▶ _Data_:
● ● ●
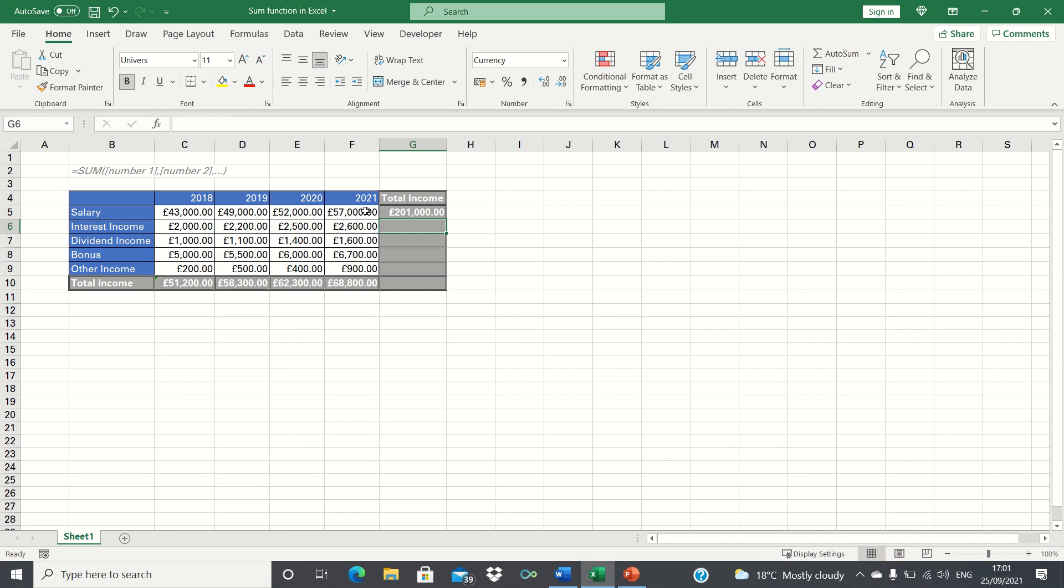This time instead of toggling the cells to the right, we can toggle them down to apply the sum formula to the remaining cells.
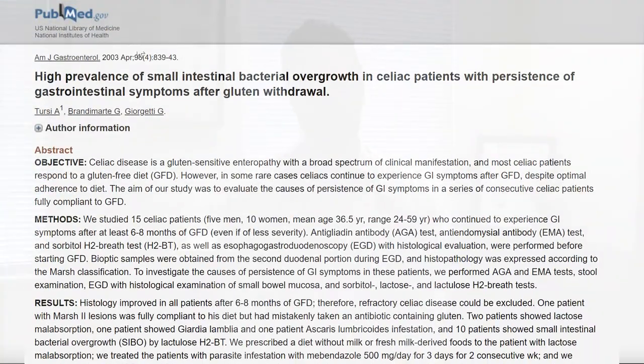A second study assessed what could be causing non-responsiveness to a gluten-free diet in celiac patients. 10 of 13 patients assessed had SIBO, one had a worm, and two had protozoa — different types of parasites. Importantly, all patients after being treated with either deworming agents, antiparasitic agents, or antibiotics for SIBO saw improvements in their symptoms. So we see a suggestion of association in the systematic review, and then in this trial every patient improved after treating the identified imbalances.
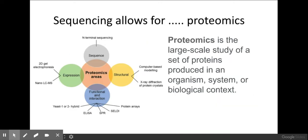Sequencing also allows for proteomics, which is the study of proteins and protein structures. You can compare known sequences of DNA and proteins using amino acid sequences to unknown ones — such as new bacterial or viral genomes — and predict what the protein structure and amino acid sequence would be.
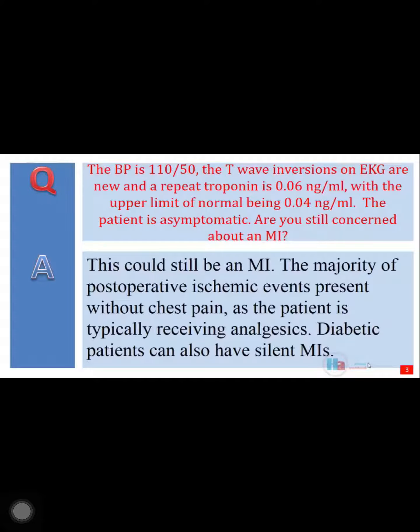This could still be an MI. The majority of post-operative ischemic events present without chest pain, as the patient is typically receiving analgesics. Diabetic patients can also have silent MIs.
● ● ●
▶ _Exercise instructions_: Output all the material verbatim, skipping every image.

▶ _Result for this exercise_:
This time instead of toggling the cells to the right, we can toggle them down to apply the sum formula to the remaining cells.
A second study assessed what could be causing non-responsiveness to a gluten-free diet in celiac patients. 10 of 13 patients assessed had SIBO, one had a worm, and two had protozoa — different types of parasites. Importantly, all patients after being treated with either deworming agents, antiparasitic agents, or antibiotics for SIBO saw improvements in their symptoms. So we see a suggestion of association in the systematic review, and then in this trial every patient improved after treating the identified imbalances.
Sequencing also allows for proteomics, which is the study of proteins and protein structures. You can compare known sequences of DNA and proteins using amino acid sequences to unknown ones — such as new bacterial or viral genomes — and predict what the protein structure and amino acid sequence would be.
This could still be an MI. The majority of post-operative ischemic events present without chest pain, as the patient is typically receiving analgesics. Diabetic patients can also have silent MIs.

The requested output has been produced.